> [Assigned task] If a line in the records contains the word "tree", count it; state the resulting number and nothing more.

> [Records for processing]
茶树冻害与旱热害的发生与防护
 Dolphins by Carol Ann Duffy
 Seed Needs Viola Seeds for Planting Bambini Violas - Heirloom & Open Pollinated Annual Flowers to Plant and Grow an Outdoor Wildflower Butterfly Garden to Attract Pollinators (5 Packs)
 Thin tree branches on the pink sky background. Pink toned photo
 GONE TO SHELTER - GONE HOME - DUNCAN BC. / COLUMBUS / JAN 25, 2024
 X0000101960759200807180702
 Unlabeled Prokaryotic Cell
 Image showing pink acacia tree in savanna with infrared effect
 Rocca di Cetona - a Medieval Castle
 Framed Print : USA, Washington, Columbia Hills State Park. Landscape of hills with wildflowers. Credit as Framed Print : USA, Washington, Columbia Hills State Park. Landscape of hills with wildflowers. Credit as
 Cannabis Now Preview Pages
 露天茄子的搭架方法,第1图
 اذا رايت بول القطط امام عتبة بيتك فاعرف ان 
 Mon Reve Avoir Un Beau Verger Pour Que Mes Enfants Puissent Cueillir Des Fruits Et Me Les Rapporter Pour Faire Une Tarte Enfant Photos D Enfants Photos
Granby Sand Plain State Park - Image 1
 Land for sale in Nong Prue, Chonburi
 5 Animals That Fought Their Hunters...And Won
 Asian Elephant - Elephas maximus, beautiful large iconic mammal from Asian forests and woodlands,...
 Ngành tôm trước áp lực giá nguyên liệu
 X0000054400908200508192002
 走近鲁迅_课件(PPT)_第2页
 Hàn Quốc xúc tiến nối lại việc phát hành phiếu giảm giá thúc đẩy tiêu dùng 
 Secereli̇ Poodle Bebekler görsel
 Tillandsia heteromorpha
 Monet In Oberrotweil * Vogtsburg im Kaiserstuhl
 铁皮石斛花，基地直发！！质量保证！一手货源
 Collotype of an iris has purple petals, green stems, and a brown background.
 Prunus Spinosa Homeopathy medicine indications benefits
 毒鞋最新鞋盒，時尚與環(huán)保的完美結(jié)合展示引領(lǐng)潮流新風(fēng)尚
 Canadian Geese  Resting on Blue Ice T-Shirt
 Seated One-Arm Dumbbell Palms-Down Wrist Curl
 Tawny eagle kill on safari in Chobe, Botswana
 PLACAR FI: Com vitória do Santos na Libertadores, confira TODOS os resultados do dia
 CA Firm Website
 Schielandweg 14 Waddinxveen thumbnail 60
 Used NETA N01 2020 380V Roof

> [The answer] 2